Sterling recovers as concerns about Brexit soften

AIB shares ended the day up almost 1% after earlier surging following trading update

Traders work on the floor of the New York Stock Exchange.  Photograph: Spencer Platt/Getty Images

Traders work on the floor of the New York Stock Exchange. Photograph: Spencer Platt/Getty Images


Sterling recovered somewhat on Tuesday on the back of a softening about the likelihood for a Brexit deal.


Shares in AIB ended the day up almost 1 per cent after earlier surging when the bank eased concerns it will have to set aside further provisions for an industry-wide, tracker-mortgage scandal.

“The bank released a third quarter trading statement, which read relatively well, and the stock held onto gains following a very decent run for the past week or so,” said an analyst with Davy.
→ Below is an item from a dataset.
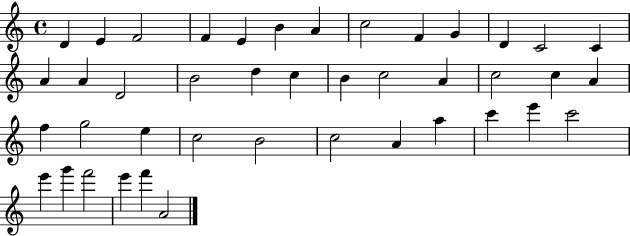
D4/q E4/q F4/h F4/q E4/q B4/q A4/q C5/h F4/q G4/q D4/q C4/h C4/q A4/q A4/q D4/h B4/h D5/q C5/q B4/q C5/h A4/q C5/h C5/q A4/q F5/q G5/h E5/q C5/h B4/h C5/h A4/q A5/q C6/q E6/q C6/h E6/q G6/q F6/h E6/q F6/q A4/h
After a good start to the day, Bank of Ireland had a poor close and finished down 0.75 per cent.

Elsewhere, building materials company CRH enjoyed a relatively strong performance on Monday but gave back some of those gains on Tuesday, finishing the day down 0.75 per cent.

In food, Swiss-Irish baked goods group Aryzta was up 2.3 per cent after it agreed to sell its La Rousse Foods brand to the Musgrave Group for an undisclosed sum thought to be in the region of €30 million.

Glanbia was up 1.5 per cent on the day following recent pressure, while Kerry Group hit an all time high, rising 1.8 per cent to break the €90 barrier for the first time. “They had results out a week ago and momentum still exists in the stock,” said the analyst.


Britain’s main share index gave up early gains to close slightly lower, as sterling picked itself up from a session low on the back of timid optimism about a Brexit deal.

The FTSE 100 index ended the session 0.2 per cent lower at 7,327.50 points. While a weaker pound initially supported the index, the currency later cut losses to trade just slightly lower, which put pressure on Britain’s blue chips.

With no certainty over whether the UK and the European Union will be able to make a breakthrough on a divorce settlement, the pound is likely to continue to fluctuate and weigh on shares.

Elsewhere, supermarkets were by far the best FTSE performers, with Tesco and Sainsbury rising by 3 per cent and 2.7 per cent respectively. Goldman Sachs raised its rating for Tesco to “buy” and said margin pressure in the UK grocery market was easing.


Euro zone bond yields crept lower after the European Central Bank released its latest bond-buying data and confirmed a front-loading of asset purchases before the end of the year.

Increased buying by the ECB, a winding down of new bond supply and further signs of strength in the euro zone economy all provided a favourable backdrop to regional debt markets, especially lower-rated ones in southern Europe, analysts said.

Euro zone bond yields were flat to 2 basis points lower on the day, with benchmark German 10-year government bonds 1.5 bps down to 0.32 per cent. Italy’s 10-year government bond yield edged lower to 1.71 per cent.

The gap over benchmark German Bund yields was around 138 basis points. It earlier narrowed to the almost 136 bps hit last month, the lowest since October 2016.

Germany’s Dax was up 0.2 per cent and the Cac 40 in France dropped by 0.3 per cent.

New York

The tech-heavy Nasdaq recovered from a two-day sell-off on Tuesday but other US share indexes were mixed as investors assessed changes to the Senate’s version of a tax overhaul that could reduce gains for companies.

Technology stocks gained about 0.9 per cent led by gains in Microsoft, Amazon and Apple.

Shares of Twenty-First Century Fox climbed about 2 per cent after a report that Walt Disney was in the lead to acquire much of Fox’s media empire, though rival suitor Comcast remained in contention.

Disney shares fell 2.4 per cent, and Comcast also slipped 1.2 per cent. McDonald’s rose 1.75 per cent, providing the biggest boost to the Dow, after Jefferies upgraded the stock with a “buy” rating.